NFS: Judd also mentioned there being a ton of night shoots, which are extra, extra hard, so I can't even imagine.
Khan: You really feel like you're going crazy because you're up all night. We shot in Vancouver. You're racing against the daylight. You're racing against the sunrise because in the Vancouver summers, the sun starts to come up really early, so you already feel like you're behind.
As soon as it becomes true night, you're just racing, racing, racing. Then you get home at seven in the morning and you're sleeping all day and you're getting back up, so you just feel like you're definitely on that True Blood cycle or whatever, that vampire cycle.
'Totally Killer'Courtesy of Prime Video
NFS: What was your favorite sequence to shoot?
Khan: Favorite sequence to shoot? I mean, there was such fun comedy scenes. I really liked the scene in the basement when they were watching sci-fi movies. That was really fun because it was the first time Olivia and Kiernan got to play together, and I liked that dynamic.
I really liked the house party sequence. I know a lot of times house parties can also be a nightmare to shoot, but I like it.
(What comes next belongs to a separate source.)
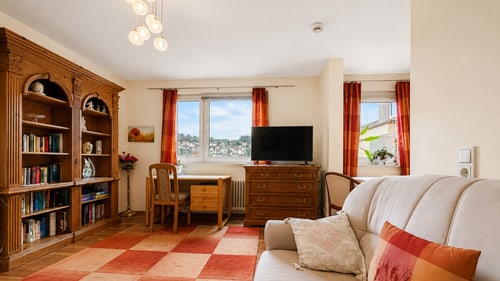 Wohnzimmer der Ferienwohnung Ausblick Spessart mit Sofaecke, Fernseher und großem Fenster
I like when there are a lot of people in one place and you can pick and choose. People are experiencing different things at the same time. That was really fun, yeah.
NFS: I know this is a very large question, but for up-and-coming directors, what advice would you give them?
Khan: I would say find, obviously, things that you're passionate about. Don't get in the way of the characters and the story, because that's your job as a director too, I think. You're in charge of the visuals. You have to make it look special and unique, but you also have to service these characters. You're kind of the steward of the story and respecting that. I think because I come from a writing background, I'll always feel like that's so, so important.
Then I would also say just make stuff. Make stuff, make more stuff. Don't ask for permission. Don't wait for somebody to give you a green light. Just go do it.
NFS: Is there anything else you wanted to mention that I didn't ask?
Khan: I love the name of your site. I think it's so great. I don't think you need film [school]. As somebody who went to film school, I feel like you don't need film school.
You just need a passion, you need a belief, and you need places like your guys' site that can help people find the access they need and get information and knowledge.
That's really all of us do. You know what I mean? We're all just trying to get knowledge and information, so I think it's really important what you guys are doing and I love it. Yeah, man, just keep doing it.